4.25 Board of Directors Approval. The Board has unanimously approved
the Transactions and has unanimously determined that such Transactions are fair
to and in the best interests of the Company and its shareholders. Such actions
of the Board remain in full force and effect.
21
4.26 No Agreements to Sell the Company. Except as contemplated by this
Agreement and pursuant to stock options and warrants relating to the purchase of
up to 502,124.50 and 112,500 shares of common stock of the company,
respectively, the Company does not have any legal obligation, absolute or
contingent, to any other Person to sell any capital stock or material assets or
businesses of the Company or any Subsidiary or to effect any merger,
consolidation, liquidation, dissolution, recapitalization or other
reorganization of the Company or to enter into any agreement with respect
thereto.
4.27 Related Party Transactions. Except as set forth on Schedule 4.27,
-------------
no employee, officer, or director of the Company or any Subsidiary or, to the
Knowledge of the Company, no Affiliate of any such Person, and no member of such
Person's immediate family has engaged in any transaction with or entered into
any Contract with, the Company or any Subsidiary. Except as set forth on
Schedule 4.27, no officer or director of the Company or any Subsidiary or, to
-------------
the Knowledge of the Company, no Affiliate of any such Person, and no member of
such Person's immediate family has had any interest in any property (whether
real, personal, or mixed and whether tangible or intangible), used in or
pertaining to the businesses of the Company or any Subsidiary.
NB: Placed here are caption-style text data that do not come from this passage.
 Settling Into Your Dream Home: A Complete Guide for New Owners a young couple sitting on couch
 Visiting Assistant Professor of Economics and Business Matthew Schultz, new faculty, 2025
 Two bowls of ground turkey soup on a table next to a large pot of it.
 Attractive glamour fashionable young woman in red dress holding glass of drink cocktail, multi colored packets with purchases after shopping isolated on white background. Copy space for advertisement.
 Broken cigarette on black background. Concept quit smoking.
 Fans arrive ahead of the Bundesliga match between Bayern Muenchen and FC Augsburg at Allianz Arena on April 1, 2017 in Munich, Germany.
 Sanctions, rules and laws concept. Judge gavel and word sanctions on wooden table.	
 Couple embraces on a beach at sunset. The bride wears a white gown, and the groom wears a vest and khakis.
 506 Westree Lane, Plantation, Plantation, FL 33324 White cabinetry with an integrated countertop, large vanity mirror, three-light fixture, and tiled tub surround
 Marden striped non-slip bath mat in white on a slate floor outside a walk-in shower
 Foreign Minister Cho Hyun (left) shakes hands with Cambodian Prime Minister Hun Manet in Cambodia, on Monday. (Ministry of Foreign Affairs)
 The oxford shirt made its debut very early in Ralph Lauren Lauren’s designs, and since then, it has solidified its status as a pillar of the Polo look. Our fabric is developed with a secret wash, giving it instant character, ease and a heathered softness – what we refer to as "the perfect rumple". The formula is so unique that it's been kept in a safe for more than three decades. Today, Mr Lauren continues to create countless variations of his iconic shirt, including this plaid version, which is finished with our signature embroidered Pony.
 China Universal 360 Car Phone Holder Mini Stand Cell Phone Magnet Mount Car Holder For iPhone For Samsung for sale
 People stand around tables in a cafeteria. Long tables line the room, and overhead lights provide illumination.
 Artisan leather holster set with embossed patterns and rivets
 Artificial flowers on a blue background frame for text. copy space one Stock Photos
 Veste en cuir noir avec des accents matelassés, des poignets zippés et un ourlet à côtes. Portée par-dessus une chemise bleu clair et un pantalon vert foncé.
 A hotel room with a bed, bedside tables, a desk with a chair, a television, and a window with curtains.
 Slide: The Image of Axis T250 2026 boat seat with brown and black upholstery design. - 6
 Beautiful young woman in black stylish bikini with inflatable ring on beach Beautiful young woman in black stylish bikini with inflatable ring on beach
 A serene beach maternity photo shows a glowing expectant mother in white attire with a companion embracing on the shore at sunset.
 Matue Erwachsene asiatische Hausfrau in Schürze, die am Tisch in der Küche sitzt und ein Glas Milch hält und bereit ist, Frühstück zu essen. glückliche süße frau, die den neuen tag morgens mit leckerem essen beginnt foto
Except as set
forth on Schedule 4.27, no officer, or employee-director of the Company or any
-------------
Subsidiary or, to the Knowledge of the Company, no Affiliate of any such Person,
and no member of such Person's immediate family has owned (of record or as a
beneficial owner), an equity interest or any other financial or profit interest
in, a Person that has engaged in competition with the Company or any Subsidiary
with respect to any line of the products or services of the Company or such
Subsidiary in any market presently served by the Company or such Subsidiary
excluding interests in publicly traded companies of less than 1% of the
outstanding equity of such company.
4.28 No Finders or Brokers. The Company has not incurred any
obligation or liability, contingent or otherwise, for brokerage or finders' fees
or agents' commissions or other similar payment in connection with this
Agreement or any of the Transactions.
4.29 Labor Matters(a) Neither the Company nor any Subsidiary is a
party to or bound by any collective bargaining agreement or other Contracts
with labor unions. The Company and each Subsidiary has complied in all
respects with all Legal Requirements, Orders or Contracts affecting
employment, nondiscrimination, immigration, collective bargaining, equal
opportunity employment, the payment of social security and similar taxes,
occupational safety and health or employees' benefits, health, safety,
welfare, wages and hours, except where the default or violation of such
Legal Requirements, Orders or Contracts could not have, individually or in
the aggregate, a Material Adverse Effect on the Company or any Subsidiary.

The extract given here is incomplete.